A los monjes la crisis económica los puso contra las cuerdas. Mucha gente dejó de poder pagarse el lujo de meditar y las cuentas del dojo no cierran.
El sábado de mi introducción, al terminar la ceremonia, Toshi pidió que los antiguos se quedaran porque había que discutir cuestiones referidas al futuro del dojo. A los monjes también la crisis económica los puso contra las cuerdas. Mucha gente dejó de poder pagarse el lujo de meditar y las cuentas del dojo no cierran como para renovar un contrato de alquiler cada vez más oneroso. Los monjes enfrentan la decisión de tener que dejar el local de la calle Gurruchaga y mudar el dojo, otra vez, al living de Toshi, a pocas cuadras de allí, sobre la avenida Scalabrini Ortiz, donde ya funcionó durante un tiempo, hace unos años.
El iniciado
Al día siguiente de la práctica, el dolor en hombros y espalda era intenso, sobre todo cuando intentaba retomar algo de la postura. Resultó que había estado haciendo un esfuerzo enorme para permanecer relajado y ahora las fibras estaban resentidas. Con el tiempo y la constancia, se va haciendo más fácil y llevadero. Para los más fanáticos hay práctica casi todos los días. A las siete de la mañana y a las siete de la tarde, de martes a viernes; sábados y domingos a las once.
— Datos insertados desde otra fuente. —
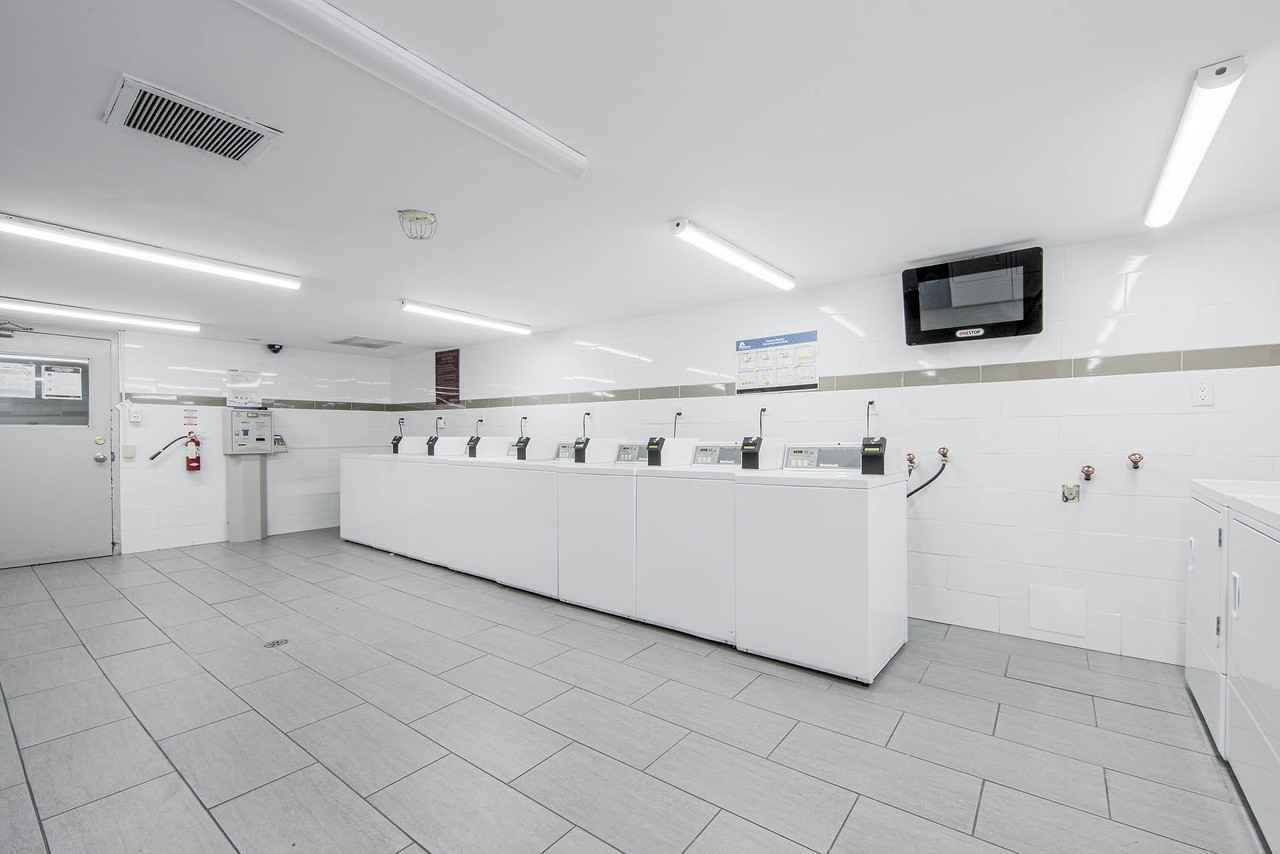 Valleyview Towers - Photo 7 of 11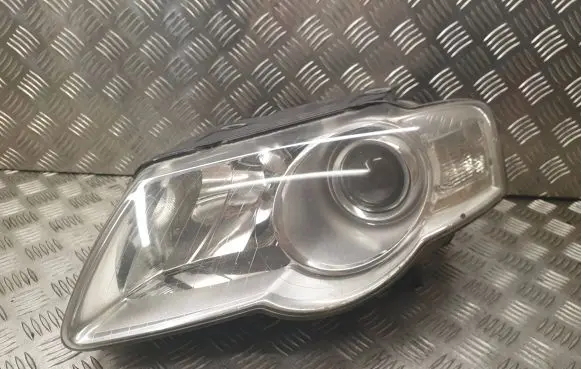Volkswagen PASSAT B6 Headlight/headlamp 3C0941005S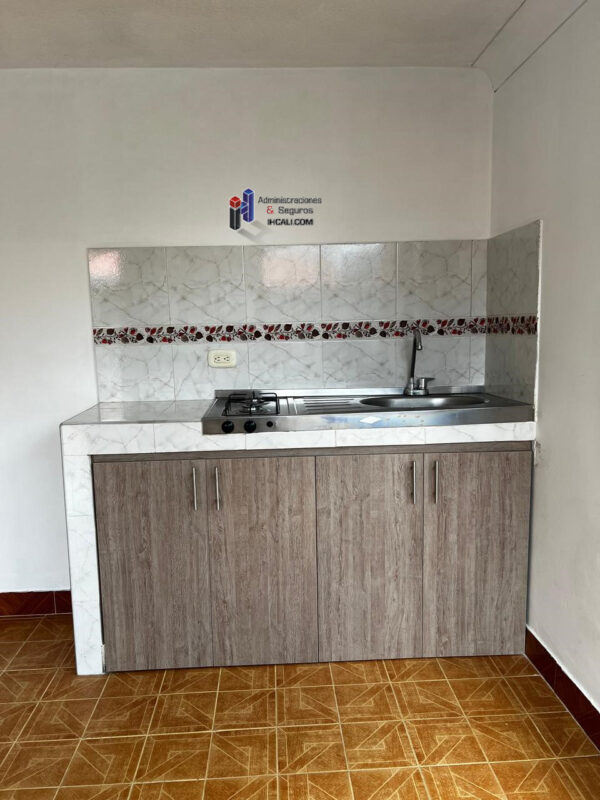 Barrio Capri Apartaestudio Primer Piso - Imagen 3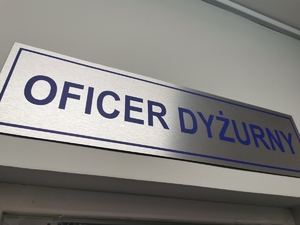 na zdjęciu tablica z napisem OFICER DYŻURNY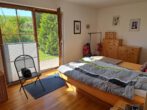 Neuwertige Erdgeschoßwohnung mit kleinem Garten und Garage, demnächst frei werdend in schöner Lage. - Schlafen mit Terrassenzugang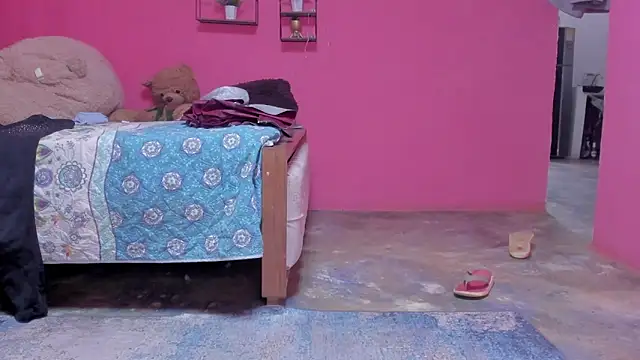 Emma lean online show from March 2025 03:18:02 PM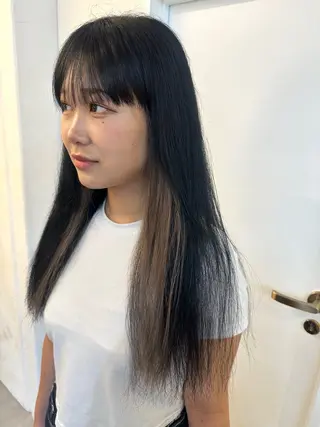 ロング オノ アイラのヘアスタイル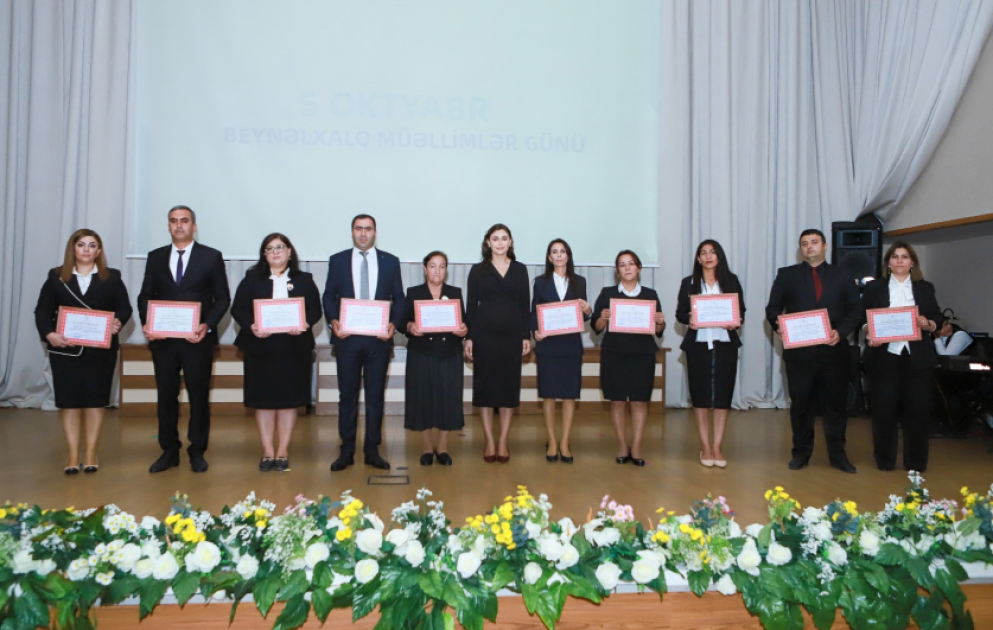 Naxçıvanda Beynəlxalq Müəllimlər Günü qeyd olunub VİDEO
Esa semana volví a meditar a las siete AM de un día jueves. Previsiblemente éramos muy pocos, apenas cuatro. Éramos La Chiqui, una monja llamada Juliana –a la que le tocaba oficiar de kyosakuman– un muchacho muy joven, que practica desde hace un año y medio, y yo. Al zazen de la mañana los días hábiles le sigue un desayuno de campeones que se llama Guenmai y es una sopa de verduras muy cocidas con arroz integral, que se come de un cuenco, se condimenta con salsa de soja y semillas de sésamo tostado y se baja con un tecito caliente servido en el mismo cuenco. Una obra maestra del minimalismo gastronómico, con al menos ocho siglos de tradición a sus espaldas. Ese día fue notable la energía durante la mañana.Fui, vine, hice cosas, de excelente humor y con sorprendente eficacia. Algo de todo esto comenzaba a hacer efecto.
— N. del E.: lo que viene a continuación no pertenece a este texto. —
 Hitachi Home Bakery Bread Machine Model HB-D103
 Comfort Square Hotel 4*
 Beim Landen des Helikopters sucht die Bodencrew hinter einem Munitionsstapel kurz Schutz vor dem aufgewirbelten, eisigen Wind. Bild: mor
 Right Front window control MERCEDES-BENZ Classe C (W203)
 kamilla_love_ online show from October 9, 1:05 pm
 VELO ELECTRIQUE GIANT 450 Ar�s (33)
La siguiente pantalla en la vida monástica del budismo zen será asistir a una sesshin, esto es: un retiro espiritual. Se llevan a cabo en forma periódica y en distintas locaciones. Constan de cuatro zazenes al día. Se puede ir en carpa o se paga extra para dormir en un dormitorio común. En Argentina las más importantes se realizan en el templo Shobogenji de Capilla del Monte, Córdoba. Entre cada zazen se practica el samu, esto es: la división comunitaria del trabajo. Se realizan tareas que tienen que ver con el mantenimiento del lugar y la obtención de alimentos, con absoluto respeto por el medioambiente y la misma actitud de espíritu que el zazen: presentes, aquí, ahora, observando.
Entre bodhisattvas, monjes y maestros, el trato es casi siempre amable y cordial. Las necesidades se resuelven en forma expeditiva, a media voz, casi como si no hiciera falta hablar de esas cosas. En el dojo se dictan, además, clases de caligrafía, de confección, de yoga, masajes y un curso de introducción al budismo, a cargo de Toshi.
Entre práctica y práctica, eso que se da en llamar la vida, se va contagiando del espíritu zen. Me acuerdo de enderezar la espalda y mi actitud hacia el mundo cambia. Y pongo la conciencia en modo observación. El aire entra, el aire sale. ¿Qué hay que hacer? Yo lo hago. Sin expectativas, mushotoku.